I would like to do some magic in a library, allowing a product type to be destructured polymorphically. This is a more or less working mockup illustrating what I'd like to do:
{-# LANGUAGE MultiParamTypeClasses, FunctionalDependencies, FlexibleInstances, UndecidableInstances #-}
newtype Wrapped a = Wrapped { unwrap :: a }
-- our example structure
ex :: (Int, (Int, Int))
ex = (1,(2,3))
class WrapDecomp x y | y -> x where
decomp :: x -> y
instance (WrapDecomp x x', WrapDecomp y y')=> WrapDecomp (x,y) (x',y') where
decomp (x,y) = (decomp x, decomp y)
instance WrapDecomp x (Wrapped x) where
decomp = Wrapped
example = let w = decomp ex
(w0, w1) = decomp ex
(w0', (w1', w2')) = decomp ex :: (Wrapped Int, (Wrapped Int, Wrapped Int))
in print $ ( unwrap w, unwrap w0, unwrap $ snd w1, unwrap $ fst w1 )
-- Also works:
-- in print $ ( unwrap w, unwrap w0, unwrap w1 )
My actual application is a library, and will have two properties that make the warts I noticed in the above acceptable:
the Wrapped
type constructor is not exported
the user will always be calling unwrap
on all Wrapped
data in a binding (because of boring details of my application), so there shouldn't be ambiguity in practice
The consensus seems to be that UndecidableInstances
isn't really bad, but I'd like to be sure the above is kosher before I proceed.
I puzzled with this for a bit, but I was able to solve my problem with TypeFamilies
as follows:
{-# LANGUAGE TypeFamilies #-}
class Out a where
type In a :: *
decomp :: In a -> a
instance Out (Wrapped a) where
type In (Wrapped a) = a
decomp = Wrapped
instance (Out a, Out b)=> Out (a,b) where
type In (a,b) = (In a,In b)
decomp (x,y) = (decomp x, decomp y)
The use of UndecidableInstances
alone is kosher in general, what UndecidableInstances
does is allow the type checker to try to resolve instances when it can't prove in advance that it will finish.
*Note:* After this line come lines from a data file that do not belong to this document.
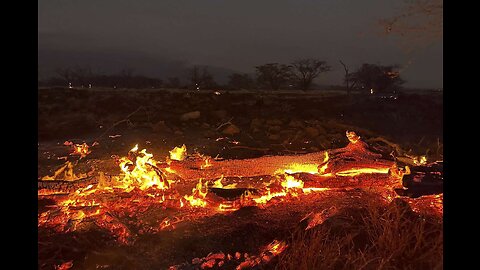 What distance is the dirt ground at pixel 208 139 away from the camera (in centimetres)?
398

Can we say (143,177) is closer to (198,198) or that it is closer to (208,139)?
(198,198)

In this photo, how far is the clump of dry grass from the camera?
3232 mm

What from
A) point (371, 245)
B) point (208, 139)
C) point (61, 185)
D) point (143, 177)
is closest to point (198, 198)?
point (143, 177)

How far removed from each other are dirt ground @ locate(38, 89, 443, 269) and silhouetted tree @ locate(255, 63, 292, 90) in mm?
21354

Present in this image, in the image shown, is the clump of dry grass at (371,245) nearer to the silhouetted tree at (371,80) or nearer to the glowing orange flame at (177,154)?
the glowing orange flame at (177,154)

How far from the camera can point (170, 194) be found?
16.5 feet

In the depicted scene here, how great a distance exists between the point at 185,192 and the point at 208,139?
230 inches

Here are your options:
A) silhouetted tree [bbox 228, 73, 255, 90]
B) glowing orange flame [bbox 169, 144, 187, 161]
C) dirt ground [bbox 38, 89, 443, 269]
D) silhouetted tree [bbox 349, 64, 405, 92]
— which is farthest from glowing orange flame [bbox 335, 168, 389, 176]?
silhouetted tree [bbox 228, 73, 255, 90]

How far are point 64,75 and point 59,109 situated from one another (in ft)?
114

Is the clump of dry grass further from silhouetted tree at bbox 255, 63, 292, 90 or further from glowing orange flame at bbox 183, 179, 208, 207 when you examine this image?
silhouetted tree at bbox 255, 63, 292, 90

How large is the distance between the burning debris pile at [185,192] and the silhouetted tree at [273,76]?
36.0 meters

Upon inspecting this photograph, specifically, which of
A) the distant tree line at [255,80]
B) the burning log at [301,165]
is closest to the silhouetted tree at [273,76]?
the distant tree line at [255,80] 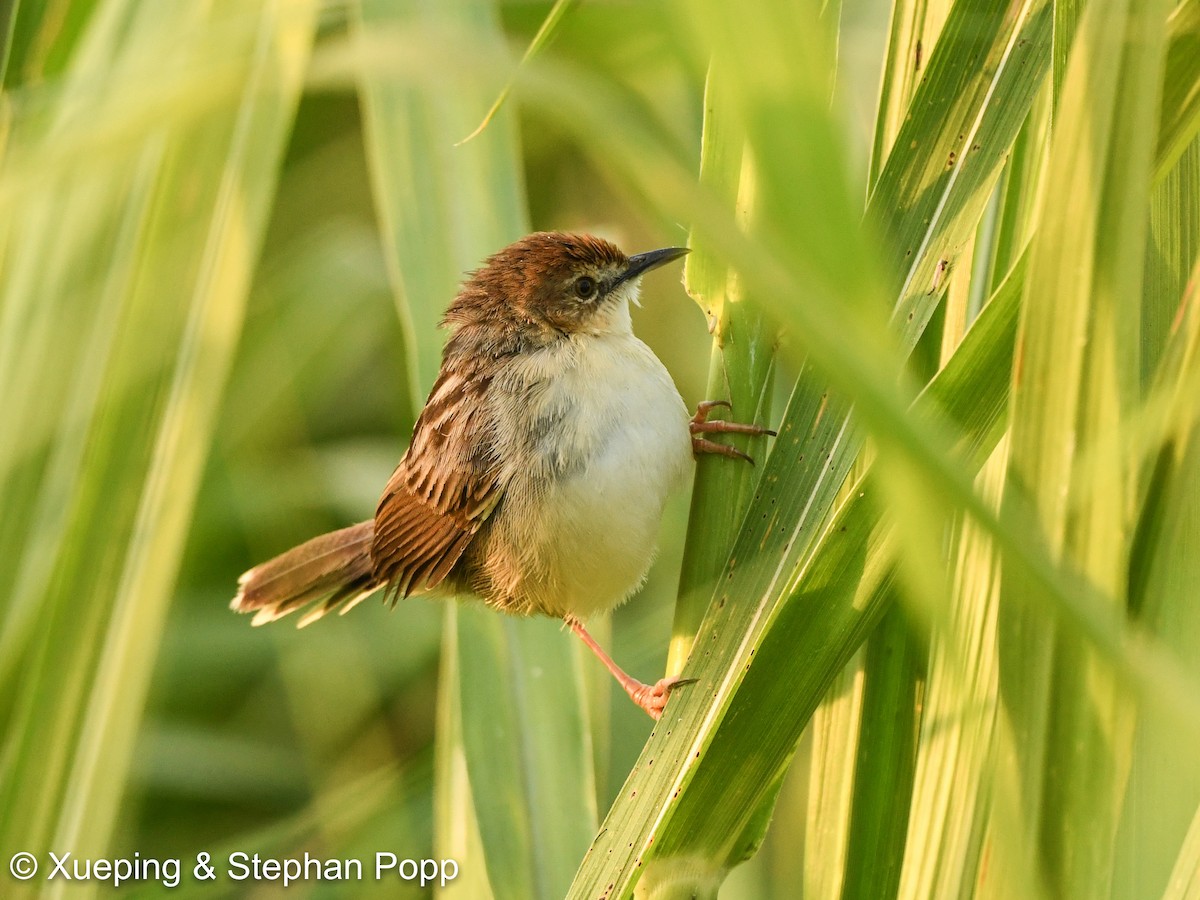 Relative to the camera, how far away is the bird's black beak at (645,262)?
2617 millimetres

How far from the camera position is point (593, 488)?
7.63ft

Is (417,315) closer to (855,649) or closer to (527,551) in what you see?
(527,551)

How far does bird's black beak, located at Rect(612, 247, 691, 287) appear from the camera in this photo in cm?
262

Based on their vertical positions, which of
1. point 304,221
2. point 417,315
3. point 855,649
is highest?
point 304,221

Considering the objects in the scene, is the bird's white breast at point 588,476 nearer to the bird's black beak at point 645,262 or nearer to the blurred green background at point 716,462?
the blurred green background at point 716,462

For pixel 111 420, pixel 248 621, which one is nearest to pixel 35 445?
pixel 111 420

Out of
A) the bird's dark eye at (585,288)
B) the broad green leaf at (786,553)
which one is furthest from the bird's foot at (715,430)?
the bird's dark eye at (585,288)

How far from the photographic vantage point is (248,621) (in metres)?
3.42

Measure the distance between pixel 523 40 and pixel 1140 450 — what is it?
2.71m

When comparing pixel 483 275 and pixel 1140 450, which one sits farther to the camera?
pixel 483 275

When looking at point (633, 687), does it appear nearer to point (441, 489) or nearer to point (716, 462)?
point (441, 489)

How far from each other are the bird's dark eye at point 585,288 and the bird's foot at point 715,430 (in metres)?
0.65

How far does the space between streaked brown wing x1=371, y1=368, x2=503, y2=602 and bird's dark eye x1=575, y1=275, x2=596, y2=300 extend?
32 cm

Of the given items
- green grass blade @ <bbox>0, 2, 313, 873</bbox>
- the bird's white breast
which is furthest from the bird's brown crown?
green grass blade @ <bbox>0, 2, 313, 873</bbox> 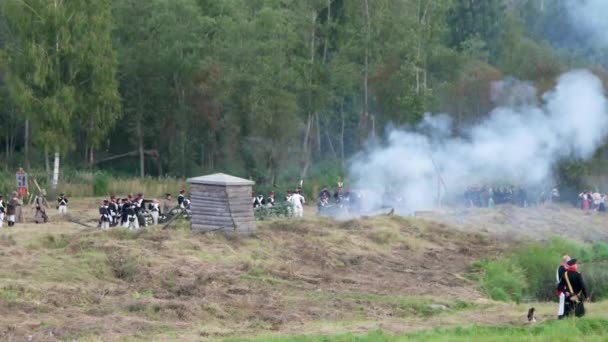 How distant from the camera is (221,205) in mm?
39094

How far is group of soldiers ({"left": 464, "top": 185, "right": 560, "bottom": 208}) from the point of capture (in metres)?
58.1

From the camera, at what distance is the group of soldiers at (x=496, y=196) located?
58094 millimetres

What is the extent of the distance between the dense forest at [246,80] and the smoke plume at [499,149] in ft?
10.3

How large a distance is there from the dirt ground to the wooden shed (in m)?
0.65

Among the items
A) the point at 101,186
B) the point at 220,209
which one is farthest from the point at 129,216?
the point at 101,186

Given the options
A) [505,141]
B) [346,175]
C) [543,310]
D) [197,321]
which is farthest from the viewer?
[346,175]

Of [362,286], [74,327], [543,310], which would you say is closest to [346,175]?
[362,286]

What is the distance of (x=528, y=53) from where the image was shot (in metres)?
72.2

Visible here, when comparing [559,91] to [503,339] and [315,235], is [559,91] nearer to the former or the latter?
[315,235]

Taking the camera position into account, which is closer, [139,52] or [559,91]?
[559,91]

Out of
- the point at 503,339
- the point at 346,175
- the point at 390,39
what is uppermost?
the point at 390,39

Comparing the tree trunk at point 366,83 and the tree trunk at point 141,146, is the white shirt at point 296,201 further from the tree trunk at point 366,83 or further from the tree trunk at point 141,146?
the tree trunk at point 366,83

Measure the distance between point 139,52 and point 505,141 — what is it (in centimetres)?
2166

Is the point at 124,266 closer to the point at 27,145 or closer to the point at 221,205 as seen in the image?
the point at 221,205
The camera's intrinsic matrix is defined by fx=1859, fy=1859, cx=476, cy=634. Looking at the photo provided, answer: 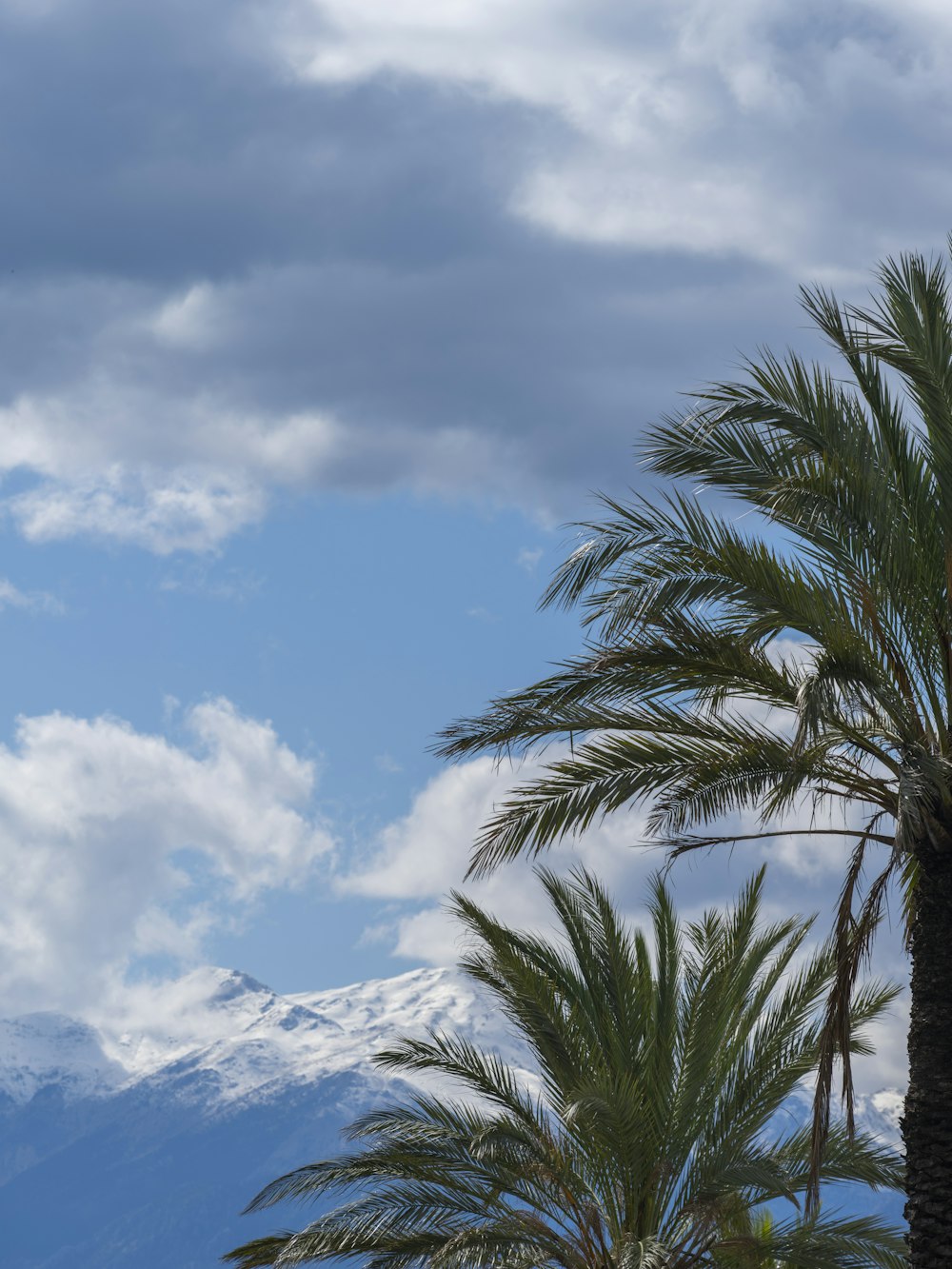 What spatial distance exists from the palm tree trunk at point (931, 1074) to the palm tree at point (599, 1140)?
456 cm

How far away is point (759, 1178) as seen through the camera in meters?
14.8

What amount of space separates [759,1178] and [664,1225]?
8.58 ft

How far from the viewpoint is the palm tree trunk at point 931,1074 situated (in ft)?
38.2

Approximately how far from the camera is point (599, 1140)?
1675 centimetres

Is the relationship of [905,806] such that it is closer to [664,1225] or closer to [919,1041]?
[919,1041]

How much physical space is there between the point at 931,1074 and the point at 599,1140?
556cm

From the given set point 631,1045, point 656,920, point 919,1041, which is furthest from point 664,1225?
point 919,1041

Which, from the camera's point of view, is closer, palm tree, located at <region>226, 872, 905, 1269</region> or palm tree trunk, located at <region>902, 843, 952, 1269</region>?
palm tree trunk, located at <region>902, 843, 952, 1269</region>

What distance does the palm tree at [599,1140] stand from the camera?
55.2 ft

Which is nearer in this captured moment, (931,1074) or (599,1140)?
(931,1074)

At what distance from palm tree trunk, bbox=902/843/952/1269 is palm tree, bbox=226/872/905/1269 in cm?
456

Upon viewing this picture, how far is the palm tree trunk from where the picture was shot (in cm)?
1165

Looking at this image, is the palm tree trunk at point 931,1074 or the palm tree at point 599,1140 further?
the palm tree at point 599,1140

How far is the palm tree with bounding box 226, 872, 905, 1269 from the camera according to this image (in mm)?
→ 16812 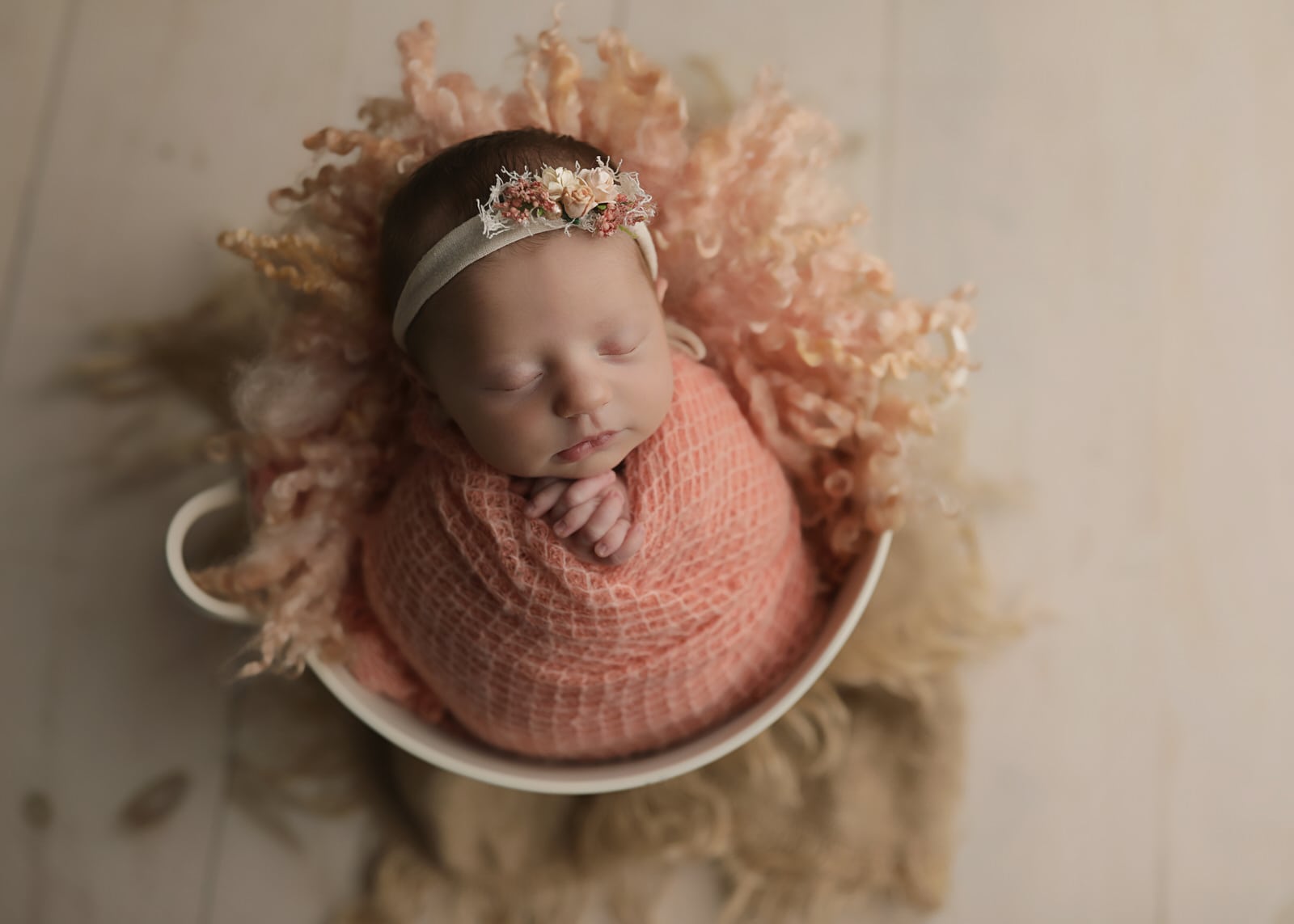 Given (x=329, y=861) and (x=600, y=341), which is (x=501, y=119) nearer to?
(x=600, y=341)

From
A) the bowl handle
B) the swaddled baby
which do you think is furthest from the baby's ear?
the bowl handle

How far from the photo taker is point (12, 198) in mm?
1336

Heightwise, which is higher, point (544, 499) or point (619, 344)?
point (619, 344)

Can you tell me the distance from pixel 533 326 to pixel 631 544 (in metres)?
0.20

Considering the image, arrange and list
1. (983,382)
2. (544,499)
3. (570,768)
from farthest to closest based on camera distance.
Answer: (983,382), (570,768), (544,499)

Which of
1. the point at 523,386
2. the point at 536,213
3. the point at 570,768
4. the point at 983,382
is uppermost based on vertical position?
the point at 536,213

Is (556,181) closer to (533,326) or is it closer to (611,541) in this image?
(533,326)

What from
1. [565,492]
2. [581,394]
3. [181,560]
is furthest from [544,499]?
[181,560]

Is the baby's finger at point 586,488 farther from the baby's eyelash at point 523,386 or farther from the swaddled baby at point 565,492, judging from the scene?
the baby's eyelash at point 523,386

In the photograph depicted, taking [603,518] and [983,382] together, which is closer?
[603,518]

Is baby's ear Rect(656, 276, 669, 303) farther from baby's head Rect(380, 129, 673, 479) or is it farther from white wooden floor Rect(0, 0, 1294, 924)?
white wooden floor Rect(0, 0, 1294, 924)

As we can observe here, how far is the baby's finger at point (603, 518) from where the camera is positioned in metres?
0.87

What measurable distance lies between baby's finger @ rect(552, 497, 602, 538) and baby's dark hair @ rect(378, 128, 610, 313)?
0.23m

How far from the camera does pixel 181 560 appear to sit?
96cm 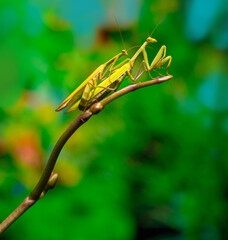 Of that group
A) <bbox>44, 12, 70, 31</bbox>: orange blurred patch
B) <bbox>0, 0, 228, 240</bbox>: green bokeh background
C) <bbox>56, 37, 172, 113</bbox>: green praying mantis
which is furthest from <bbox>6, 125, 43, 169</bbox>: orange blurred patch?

If it does, the code is no less safe than if termination could have been proved in advance.
However, with your instances, you can create a situation where the type checker would loop with an expression that causes a constraint WrapDecomp x (x,y)
, for example
foo x = [fst $ decomp x, x]
The use of fst
requires decomp x
to have type (a,b)
for some types a
and b
, thus an instance WrapDecomp t (a,b)
where t
is the type of x
. Being in the same list requires that x
have tape a
too, so an
instance WrapDecomp a (a,b)
The only instance with a pair for the second parameter is
instance (Wrapdecomp x x', WrapDecomp y y') => WrapDecomp (x,y) (x',y')
hence a = (x,y)
for some types x
and y
and the constraint of foo
becomes
WrapDecomp (x,y) ((x,y),b)
The pairs instance says there is such an instance if there are instances
WrapDecomp y b
and
WrapDecomp x (x,y)
which is the exact form of instance we started with.